I actually just posted my latest updates in another thread (a bit long to include here). I found out I was pregnant a few days after writing you. I guess it had been on my mind because my cycle had been weird already. Unfortunately, mine was also diagnosed ectopic for a second time on the same side, so this time I got surgery. Now, in hindsight, I wish I had just removed the tube then or had more testing done before TTC, though as I recall I don't think there are great ways to test for that. I feel foolish almost for trying again, but at the same time after my first doctors had said it was probably random bad luck because I checked no boxes for risk factors. This time they went straight to talking about how I was at higher risk because of my history, which felt like they were telling me something different then the previous time. At least for now I don't have to worry about rupture since it's gone.

Take care,
Cam

Lisalisa
Posts: 8
Joined: Sat Sep 30, 2023 2:40 pm

Re: Feeling alone

Post by Lisalisa »

Hi Cam,

I just read your post on the other thread and I'm so sorry you had to go through all that. And I'm sorry for your loss.

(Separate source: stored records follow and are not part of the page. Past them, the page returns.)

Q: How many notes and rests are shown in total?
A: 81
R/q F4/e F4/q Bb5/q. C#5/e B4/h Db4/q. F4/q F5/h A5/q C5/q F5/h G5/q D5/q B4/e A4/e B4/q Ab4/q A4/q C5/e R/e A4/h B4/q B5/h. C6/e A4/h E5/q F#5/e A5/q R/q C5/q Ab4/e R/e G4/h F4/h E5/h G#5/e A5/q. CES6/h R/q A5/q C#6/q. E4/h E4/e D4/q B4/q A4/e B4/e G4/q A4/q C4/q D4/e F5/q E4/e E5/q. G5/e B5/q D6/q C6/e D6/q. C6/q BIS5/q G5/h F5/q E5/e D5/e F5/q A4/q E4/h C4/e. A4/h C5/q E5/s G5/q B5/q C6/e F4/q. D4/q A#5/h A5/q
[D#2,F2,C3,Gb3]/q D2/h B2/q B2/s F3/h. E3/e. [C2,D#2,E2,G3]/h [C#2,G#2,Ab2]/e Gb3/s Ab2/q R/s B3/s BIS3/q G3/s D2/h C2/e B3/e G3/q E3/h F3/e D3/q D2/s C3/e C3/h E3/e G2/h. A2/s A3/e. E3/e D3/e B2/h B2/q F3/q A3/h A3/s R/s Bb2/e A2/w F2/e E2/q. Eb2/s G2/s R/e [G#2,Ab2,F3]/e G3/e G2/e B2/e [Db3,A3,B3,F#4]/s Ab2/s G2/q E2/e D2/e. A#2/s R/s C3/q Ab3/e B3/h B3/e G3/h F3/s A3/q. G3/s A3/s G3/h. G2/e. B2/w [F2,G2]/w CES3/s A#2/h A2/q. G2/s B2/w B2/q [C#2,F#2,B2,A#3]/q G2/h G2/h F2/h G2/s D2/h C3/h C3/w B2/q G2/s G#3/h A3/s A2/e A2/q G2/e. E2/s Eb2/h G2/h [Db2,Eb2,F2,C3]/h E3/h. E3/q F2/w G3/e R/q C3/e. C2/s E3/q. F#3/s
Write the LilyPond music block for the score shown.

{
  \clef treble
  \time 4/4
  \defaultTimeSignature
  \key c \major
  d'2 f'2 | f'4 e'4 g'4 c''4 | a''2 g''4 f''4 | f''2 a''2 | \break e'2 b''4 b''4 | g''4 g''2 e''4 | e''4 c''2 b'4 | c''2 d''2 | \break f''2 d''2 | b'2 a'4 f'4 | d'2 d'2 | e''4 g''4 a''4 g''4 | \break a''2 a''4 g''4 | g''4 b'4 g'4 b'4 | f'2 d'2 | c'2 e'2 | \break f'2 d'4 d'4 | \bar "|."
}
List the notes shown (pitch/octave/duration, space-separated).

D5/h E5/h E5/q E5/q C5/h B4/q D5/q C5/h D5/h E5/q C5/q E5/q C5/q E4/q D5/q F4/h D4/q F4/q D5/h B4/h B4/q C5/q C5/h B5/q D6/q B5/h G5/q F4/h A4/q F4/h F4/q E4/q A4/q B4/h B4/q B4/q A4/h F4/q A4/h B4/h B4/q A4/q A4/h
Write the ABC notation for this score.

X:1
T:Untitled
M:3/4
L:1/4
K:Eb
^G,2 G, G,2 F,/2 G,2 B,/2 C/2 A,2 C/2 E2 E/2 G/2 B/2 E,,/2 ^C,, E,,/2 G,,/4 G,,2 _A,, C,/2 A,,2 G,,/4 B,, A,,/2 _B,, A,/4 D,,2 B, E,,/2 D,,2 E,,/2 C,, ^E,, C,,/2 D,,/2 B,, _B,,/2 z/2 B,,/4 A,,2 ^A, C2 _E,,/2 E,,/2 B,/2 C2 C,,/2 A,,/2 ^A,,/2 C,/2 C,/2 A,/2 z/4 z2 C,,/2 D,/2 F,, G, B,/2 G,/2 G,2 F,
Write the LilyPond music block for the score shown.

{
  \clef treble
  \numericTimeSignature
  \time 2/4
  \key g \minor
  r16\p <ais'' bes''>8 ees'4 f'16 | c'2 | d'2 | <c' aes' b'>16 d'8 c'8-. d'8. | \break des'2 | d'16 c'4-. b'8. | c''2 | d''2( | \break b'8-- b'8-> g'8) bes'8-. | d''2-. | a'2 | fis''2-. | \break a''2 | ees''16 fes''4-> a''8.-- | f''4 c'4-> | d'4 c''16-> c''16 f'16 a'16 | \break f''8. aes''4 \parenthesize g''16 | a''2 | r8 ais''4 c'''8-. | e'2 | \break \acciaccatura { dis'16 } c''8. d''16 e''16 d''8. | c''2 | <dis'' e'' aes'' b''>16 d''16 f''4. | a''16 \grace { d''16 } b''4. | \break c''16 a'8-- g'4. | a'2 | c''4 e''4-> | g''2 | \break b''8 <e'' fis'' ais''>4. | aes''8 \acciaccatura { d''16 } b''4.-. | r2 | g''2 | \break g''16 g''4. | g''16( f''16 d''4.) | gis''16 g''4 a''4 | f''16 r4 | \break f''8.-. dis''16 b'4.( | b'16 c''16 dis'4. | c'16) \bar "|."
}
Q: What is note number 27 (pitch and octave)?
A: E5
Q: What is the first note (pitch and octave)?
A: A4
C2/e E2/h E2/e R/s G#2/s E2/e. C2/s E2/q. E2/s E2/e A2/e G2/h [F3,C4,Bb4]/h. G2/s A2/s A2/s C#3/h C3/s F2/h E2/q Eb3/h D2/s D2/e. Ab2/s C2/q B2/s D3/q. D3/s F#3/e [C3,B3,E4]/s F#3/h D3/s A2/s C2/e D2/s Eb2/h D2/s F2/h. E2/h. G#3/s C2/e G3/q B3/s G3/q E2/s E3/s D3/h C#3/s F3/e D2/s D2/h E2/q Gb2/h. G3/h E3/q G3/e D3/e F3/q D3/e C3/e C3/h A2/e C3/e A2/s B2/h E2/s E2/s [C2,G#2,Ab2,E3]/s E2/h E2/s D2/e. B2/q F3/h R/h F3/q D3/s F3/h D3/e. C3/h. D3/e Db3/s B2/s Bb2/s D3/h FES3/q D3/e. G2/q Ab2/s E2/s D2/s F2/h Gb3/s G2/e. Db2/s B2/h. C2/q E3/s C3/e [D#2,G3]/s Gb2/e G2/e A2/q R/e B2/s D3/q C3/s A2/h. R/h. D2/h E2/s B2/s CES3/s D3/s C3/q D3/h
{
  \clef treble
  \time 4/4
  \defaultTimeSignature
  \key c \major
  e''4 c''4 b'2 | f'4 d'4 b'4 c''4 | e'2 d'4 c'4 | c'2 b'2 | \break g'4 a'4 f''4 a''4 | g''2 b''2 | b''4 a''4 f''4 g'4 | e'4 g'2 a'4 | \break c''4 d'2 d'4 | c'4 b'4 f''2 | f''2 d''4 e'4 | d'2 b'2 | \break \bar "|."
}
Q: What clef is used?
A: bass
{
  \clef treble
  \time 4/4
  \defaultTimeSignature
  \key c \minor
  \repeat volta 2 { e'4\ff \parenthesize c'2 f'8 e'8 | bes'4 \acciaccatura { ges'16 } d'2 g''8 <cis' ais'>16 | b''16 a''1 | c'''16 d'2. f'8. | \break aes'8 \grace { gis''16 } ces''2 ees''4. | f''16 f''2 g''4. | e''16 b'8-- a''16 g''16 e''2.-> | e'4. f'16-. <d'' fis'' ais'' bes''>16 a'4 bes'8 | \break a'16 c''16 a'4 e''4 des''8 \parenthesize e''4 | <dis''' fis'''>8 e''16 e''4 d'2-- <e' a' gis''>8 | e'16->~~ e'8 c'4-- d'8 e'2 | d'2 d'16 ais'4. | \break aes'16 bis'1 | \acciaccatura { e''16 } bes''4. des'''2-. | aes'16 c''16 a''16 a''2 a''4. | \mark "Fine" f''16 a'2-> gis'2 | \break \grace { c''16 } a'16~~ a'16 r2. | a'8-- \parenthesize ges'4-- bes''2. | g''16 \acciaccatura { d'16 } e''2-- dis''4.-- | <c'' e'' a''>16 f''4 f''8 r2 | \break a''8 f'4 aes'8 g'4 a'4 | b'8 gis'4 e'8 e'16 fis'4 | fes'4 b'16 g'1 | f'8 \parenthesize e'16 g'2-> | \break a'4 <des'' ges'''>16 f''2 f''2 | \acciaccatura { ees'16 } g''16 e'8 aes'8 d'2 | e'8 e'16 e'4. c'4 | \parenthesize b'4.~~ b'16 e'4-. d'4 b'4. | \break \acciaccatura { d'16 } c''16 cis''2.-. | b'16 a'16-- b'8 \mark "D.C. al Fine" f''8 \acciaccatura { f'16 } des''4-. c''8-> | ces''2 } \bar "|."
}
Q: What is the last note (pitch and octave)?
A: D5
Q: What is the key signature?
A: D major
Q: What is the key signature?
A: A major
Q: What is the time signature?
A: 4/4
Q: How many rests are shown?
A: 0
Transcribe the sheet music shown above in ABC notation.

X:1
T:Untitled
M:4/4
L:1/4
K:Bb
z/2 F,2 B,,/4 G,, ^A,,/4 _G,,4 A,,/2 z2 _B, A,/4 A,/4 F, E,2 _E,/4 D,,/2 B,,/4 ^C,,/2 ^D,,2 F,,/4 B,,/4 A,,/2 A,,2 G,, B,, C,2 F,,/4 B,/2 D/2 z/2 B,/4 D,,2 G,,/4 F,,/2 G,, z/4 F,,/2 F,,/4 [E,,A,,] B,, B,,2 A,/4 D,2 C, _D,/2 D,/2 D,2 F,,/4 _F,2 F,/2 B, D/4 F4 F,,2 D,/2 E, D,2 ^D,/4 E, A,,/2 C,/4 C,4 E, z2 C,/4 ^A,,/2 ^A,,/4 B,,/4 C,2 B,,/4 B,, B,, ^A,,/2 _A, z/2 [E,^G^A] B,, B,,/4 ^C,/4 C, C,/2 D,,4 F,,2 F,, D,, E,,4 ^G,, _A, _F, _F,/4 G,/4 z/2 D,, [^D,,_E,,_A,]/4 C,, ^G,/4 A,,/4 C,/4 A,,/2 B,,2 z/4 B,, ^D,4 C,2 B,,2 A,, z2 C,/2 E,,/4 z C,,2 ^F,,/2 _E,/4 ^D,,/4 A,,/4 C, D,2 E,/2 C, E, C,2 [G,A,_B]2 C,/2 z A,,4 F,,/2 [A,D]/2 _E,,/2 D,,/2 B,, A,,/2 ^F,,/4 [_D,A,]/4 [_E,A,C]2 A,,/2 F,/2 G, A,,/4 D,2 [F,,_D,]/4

I understand the relief you must feel about "getting rid" of the tube, in a way. I feel the same about moving on without any tubes, and glad the risk of it happening is minimised by a lot.

And you're right about looking back on what has happened. It's stressful to go through something like we have, so it's hard to get a 100% overview, and we also depend so much on our healthcare providers.

I was thinking that an HSG or an HSU could help detect if there's a blockage in the remaining tube- but I'm not sure, I never asked.

I wish you a good recovery and all the best for moving forward from all this.

Mat_alog
Posts: 6
Joined: Wed Oct 18, 2023 10:39 am

Re: Feeling alone

Post by Mat_alog »

Hello !
Really sorry to hear that you had to go through all this.
I had my tube removed on the 10th of October after my second ectopic pregnancies(the first one passed by expectant management). And If I can "reassure" you, I had done an hycosy scan after my first ectopic which shows that the tubes were normal whereas the EPU told me that it was almost 100% sure if I was doing a new ectopic on the same side that the tube was damaged. The hycosy or hsg only show blockage but cannot show you microscopic damage. As you said, really not worth looking back and wondering what should have been done (easier said than done ;-)) but I thought I would share. Hope that helps.

Lisalisa
Posts: 8
Joined: Sat Sep 30, 2023 2:40 pm

Re: Feeling alone

Post by Lisalisa »

Hi Mat
I hope you're feeling better and recovering well from your salpingectomy.

Thanks for sharing about the HSU, I guess I would have always wondered, even if I can't changed the past. It does help to hear that there might not have been anything I could have done differently anyways.

My surgery was on Oct 3 and I've been starting to feel better. Working almost full time again, since mid last week, and just really want my period to return and things to go back to normal! Still quite tired some days though.

Mat_alog
Posts: 6
Joined: Wed Oct 18, 2023 10:39 am

Re: Feeling alone

Post by Mat_alog »

It will get better gradually... I was back at work this week as well and finishing the week exhausted. But it still felt nice to get a sense of "normality" back in my life.

Lisalisa
Posts: 8
Joined: Sat Sep 30, 2023 2:40 pm

Re: Feeling alone

Post by Lisalisa »

I understand that feeling of wanting a sense of normal again. I got my period today which I'm glad for as it's a step forward and a sign of normality.